Is it possible to work on both the software (Hadoop, MapR,Spark) and the hardware (FPGA, GPU, Multicore) aspects of Big Data?




I am a graduate student of Computer Engineering and a newbie in the world of Data Science. But this area has got me interested and I wish to learn more and develop my knowledge and skills. I now have a very basic understanding of Big Data Terminology - Hadoop, MapReduce, Pig, YARN, Spark etc.

However I want to pursue an interesting area - optimizing underlying hardware for efficient Big Data processing. I read that a combination of FPGA’s, GPU’s or so called Many/Multicore computing is well suited for Big Data and solving Data Science related problems.

So if any one has worked in this area or is pursuing research in this area help/guide me by answering my questions:

  1. Is it possible for a person to work on both the software (Hadoop, MapR, Spark etc) and hardware (FPGA, GPU, Many Multicore computing) aspects of Big Data.

  2. If I want to pursue this line of research what skills do you suggest me to develop?
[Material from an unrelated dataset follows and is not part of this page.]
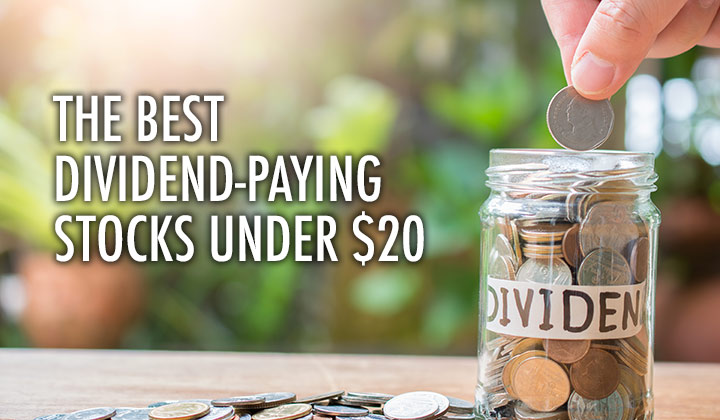 Top High-Yield Dividend Stocks Under $20 for 2024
For example:

Software - Hadoop, MapR, Pig, Spark, YARN etc ;
Hardware - FPGA, GPU ;
Programming - VHDL, Verilog, OpenCL ;
Scripting Languages ;
Courses - Computer Architecture, Data Science, Data Visualization, Parallel Programming etc.

  1. Are there any research groups or people you know who are working in this area?

  2. General advice or suggestions or links to more resources.

Thanks in advance!


What do you mean by “optimizing underlying hardware for efficient Big Data processing”? Do you want to design your own hardware specialized for big data? Or do you want to optimize data science processes to work with big data?


Thank you for your reply. No I dont want to design new hardware. I want to map the various data science processes to run efficiently on a combination of different hardware units such as FPGA’s, GPU’s etc.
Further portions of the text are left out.